Affiliation: GCOE Program for Reconstruction of the Intimate and Public Spheres in 21st Century Asia, Kyoto University
Curriculum Vitae:
1998 (June) Eötvös Loránd University (Budapest, Hungary) Faculty of Letters,
Chinese studies (master degree)
1998 (June) Eötvös Loránd University (Budapest, Hungary) Faculty of Letters,
Turkic studies (master degree)
2002 (March) Kyoto University, Faculty of Letters, Sociology (master degree)
2008 (June) Eötvös Loránd University, Faculty of Letters , Linguistics (Turkic
studies) (Ph.D. degree)
2009 (March) Kyoto University, Faculty of Letters, Sociology
(Ph.D. degree candidate in sociology)
Research Fields:
1. Sociology of family
2. Chinese studies・Central Asian studies
Main Academic Achievements:
1. The Timurid Empire and Ming China: Theories and Approaches Concerning the Relations of the Two Empires, Budapest Monographs in East Asian Studies, forthcoming.
2. Xiyu fanguozhi és Xiyu xingchengji: két kora tizenötödik századi kínai forrás Közép-Ázsiáról (Two early-fifteenth-century Chinese accounts about Central Asia) , Sinológiai Műhely, Budapest, Balassi Kiadó (Press), forthcoming.
3. “Reconsidering nuclearization of the family and parental love towards children: from thirty family case studies” in Kyoto Journal of Sociology 10, 189-200 pp., 2002.
4. “‘Traditionalization’of the modern family: modern divisions of roles and an invented tradition: from a survey in Kyoto City” in Kyoto Journal of Sociology 11, 119-133 pp., 2003.
5. “Model-Building in Family Sociological Textbooks: in Socialist and Post-Socialist Hungary” in Kyoto Journal of Sociology 15, 111-139 pp., 2007.
6. “Empty individualization and family solidarity – Hungary: an East-European country in transition” in Soshioroji 160, 93-107 pp., 2007.
7. “The problematic issue of family sociological textbook writing in socialist modernization: taking China as a case study” in Gendai Shakai Kenkyu 11, 175-191 pp., 2008.
Research Subject and Research Plan for the GCOE Program:
My research subject at present is to examine the paradigm shift in family sociological research in respond to the change of the intimate sphere.
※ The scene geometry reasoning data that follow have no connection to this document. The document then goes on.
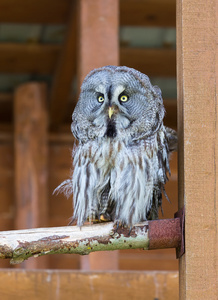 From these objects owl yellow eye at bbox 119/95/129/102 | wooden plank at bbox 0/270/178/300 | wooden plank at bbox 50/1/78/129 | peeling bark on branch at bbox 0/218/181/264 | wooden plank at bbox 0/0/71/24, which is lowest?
wooden plank at bbox 0/270/178/300

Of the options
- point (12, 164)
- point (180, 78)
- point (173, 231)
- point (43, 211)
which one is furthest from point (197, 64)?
point (12, 164)

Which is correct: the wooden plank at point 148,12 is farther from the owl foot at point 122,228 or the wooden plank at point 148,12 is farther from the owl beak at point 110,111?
the owl foot at point 122,228

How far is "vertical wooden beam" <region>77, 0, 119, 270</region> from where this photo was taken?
11.0 feet

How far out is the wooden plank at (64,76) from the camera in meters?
4.35

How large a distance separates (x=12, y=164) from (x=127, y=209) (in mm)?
2867

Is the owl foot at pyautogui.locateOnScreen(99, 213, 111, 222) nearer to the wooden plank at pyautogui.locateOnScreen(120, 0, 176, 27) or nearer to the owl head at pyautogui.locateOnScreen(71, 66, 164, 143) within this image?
the owl head at pyautogui.locateOnScreen(71, 66, 164, 143)

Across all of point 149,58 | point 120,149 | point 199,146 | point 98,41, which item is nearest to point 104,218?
point 120,149

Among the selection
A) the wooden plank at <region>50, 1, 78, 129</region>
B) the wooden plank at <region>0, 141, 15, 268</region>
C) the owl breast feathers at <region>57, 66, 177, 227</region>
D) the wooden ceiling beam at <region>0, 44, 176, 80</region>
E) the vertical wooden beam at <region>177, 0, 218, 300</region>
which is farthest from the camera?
the wooden plank at <region>0, 141, 15, 268</region>

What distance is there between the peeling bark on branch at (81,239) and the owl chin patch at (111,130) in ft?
1.38

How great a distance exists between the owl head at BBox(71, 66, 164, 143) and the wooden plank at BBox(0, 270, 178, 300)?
68cm

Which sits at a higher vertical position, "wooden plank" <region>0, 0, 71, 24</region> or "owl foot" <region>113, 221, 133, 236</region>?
"wooden plank" <region>0, 0, 71, 24</region>

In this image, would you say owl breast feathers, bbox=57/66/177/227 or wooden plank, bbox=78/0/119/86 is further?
wooden plank, bbox=78/0/119/86

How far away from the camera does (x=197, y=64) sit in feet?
6.58

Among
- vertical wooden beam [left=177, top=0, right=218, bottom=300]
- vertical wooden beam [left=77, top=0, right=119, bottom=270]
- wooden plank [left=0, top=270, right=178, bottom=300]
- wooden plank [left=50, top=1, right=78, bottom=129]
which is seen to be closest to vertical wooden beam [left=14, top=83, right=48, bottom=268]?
wooden plank [left=50, top=1, right=78, bottom=129] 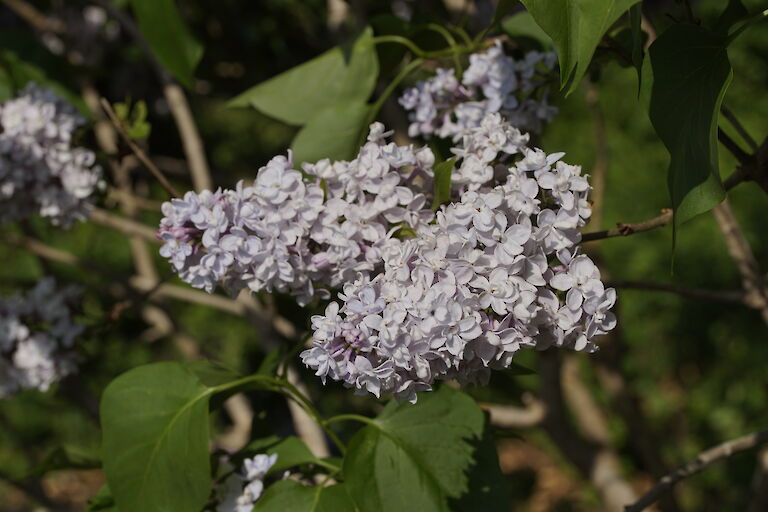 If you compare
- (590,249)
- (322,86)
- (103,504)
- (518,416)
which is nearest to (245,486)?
(103,504)

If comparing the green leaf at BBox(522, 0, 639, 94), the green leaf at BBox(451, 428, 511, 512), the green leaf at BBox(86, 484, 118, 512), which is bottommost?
the green leaf at BBox(86, 484, 118, 512)

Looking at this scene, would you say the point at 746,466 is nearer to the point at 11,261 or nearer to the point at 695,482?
the point at 695,482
Concretely to say, I take various family sociological textbooks from Hungary, China, Taiwan and Japan as case studies, and analyze them from a knowledge sociological point of view. In doing so, I am considering the potential renewal of family sociological studies corresponding to the recent change on the micro-level. In the present GCOE program, I focus on the family change in North-East Asia (China, Taiwan, Japan, and South-Korea), and aim at revealing and theorizing the special characters of this region.